Pictures aside, reproduce exactly and only the lines below, starting at the one containing "行情,临沂废铜今天价目表最新】-第2张图片" and ending at the last line.
• • •
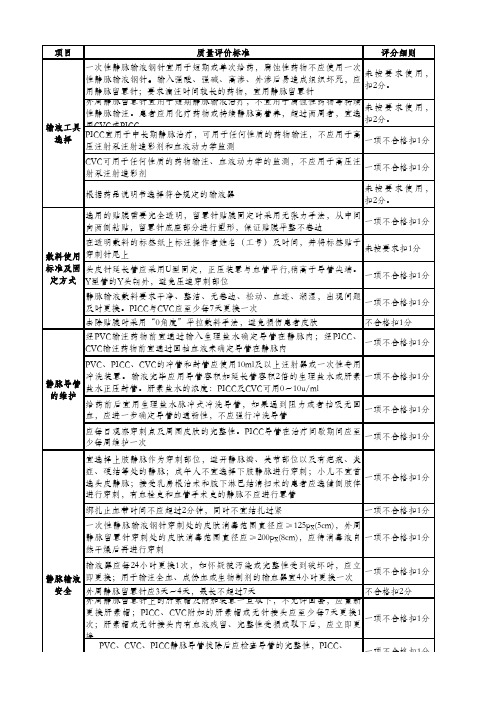 静疗标准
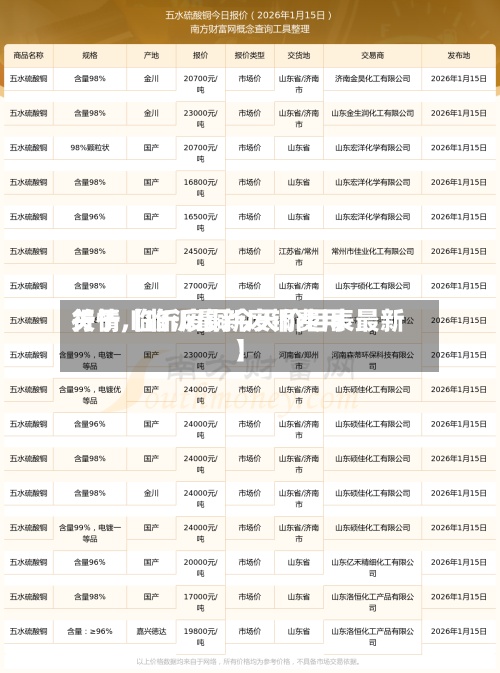 关于【临沂最新废铜费用
行情,临沂废铜今天价目表最新】-第2张图片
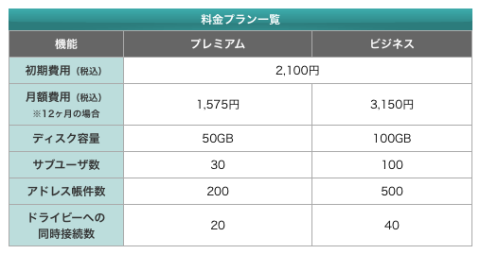 とりあえずプレミアムプランで十分足りるでしょう。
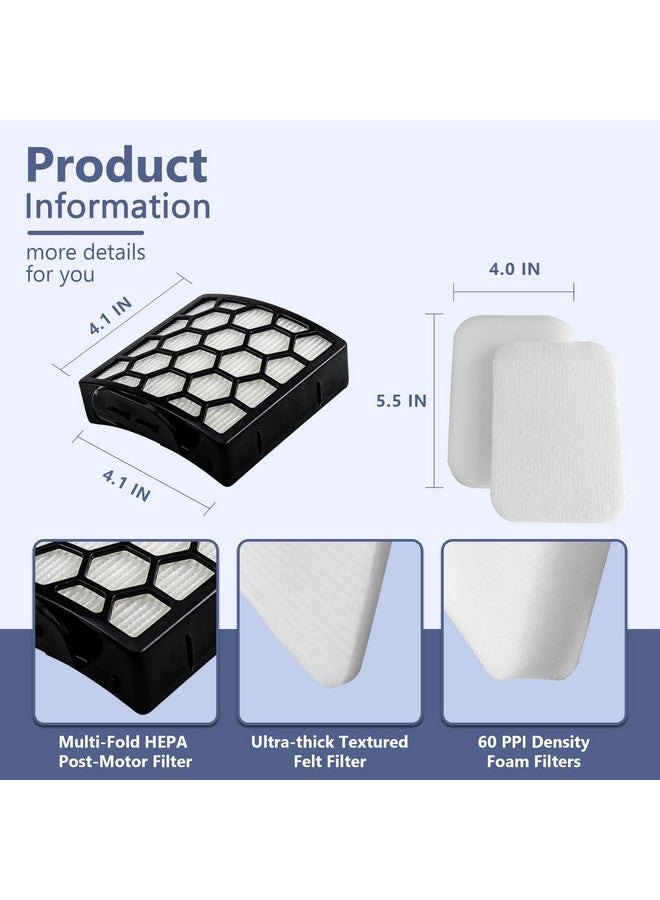 Funmit 2 HEPA Filter + 6 Foam & Felt Filter Kit Replacement for Shark Navigator Zero-M Self-Cleaning Brushroll Pet Pro Upright Vacuum ZU60 ZU62 ZU62C NV150 NV151 NV255, Part #1238FT60 & 1239FT60 - Image 2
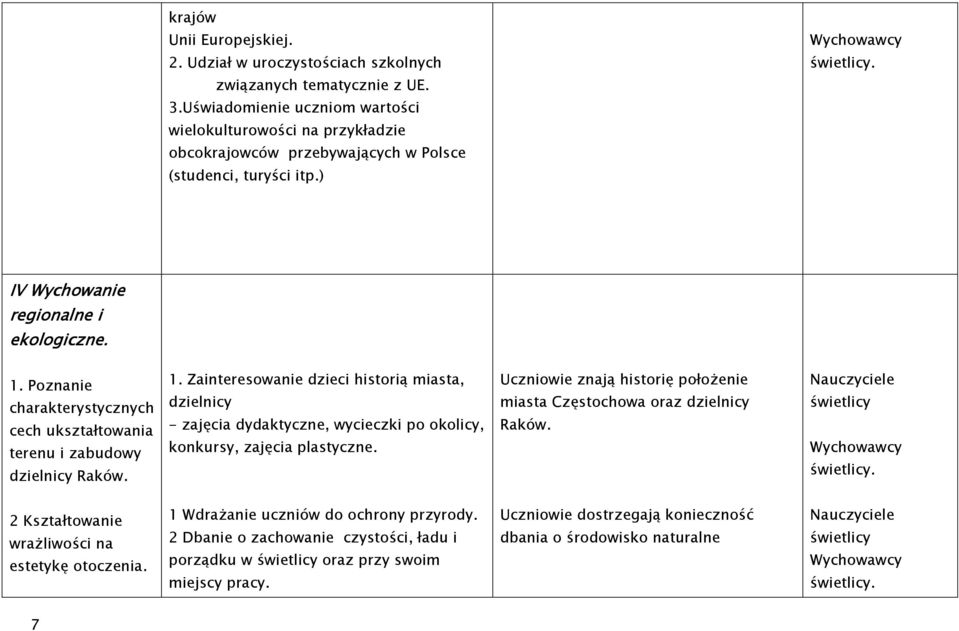 Poznanie charakterystycznych cech ukształtowania terenu i zabudowy dzielnicy Raków. 1.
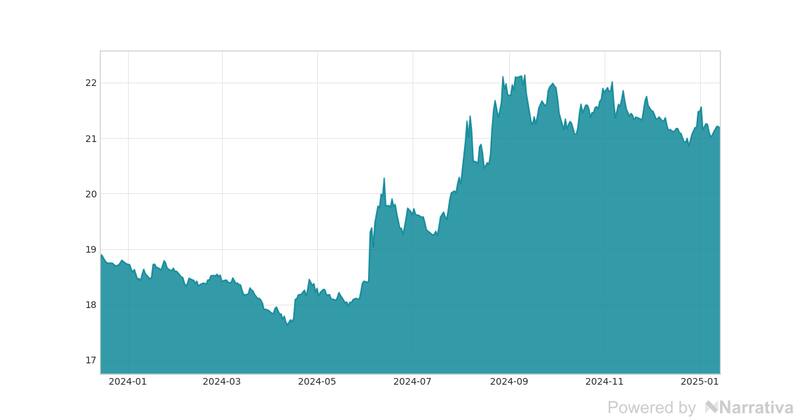La variación de euro en la última semana.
• • •
[Response to this exercise]
行情,临沂废铜今天价目表最新】-第2张图片
 とりあえずプレミアムプランで十分足りるでしょう。
 Funmit 2 HEPA Filter + 6 Foam & Felt Filter Kit Replacement for Shark Navigator Zero-M Self-Cleaning Brushroll Pet Pro Upright Vacuum ZU60 ZU62 ZU62C NV150 NV151 NV255, Part #1238FT60 & 1239FT60 - Image 2
 Poznanie charakterystycznych cech ukształtowania terenu i zabudowy dzielnicy Raków. 1.
La variación de euro en la última semana.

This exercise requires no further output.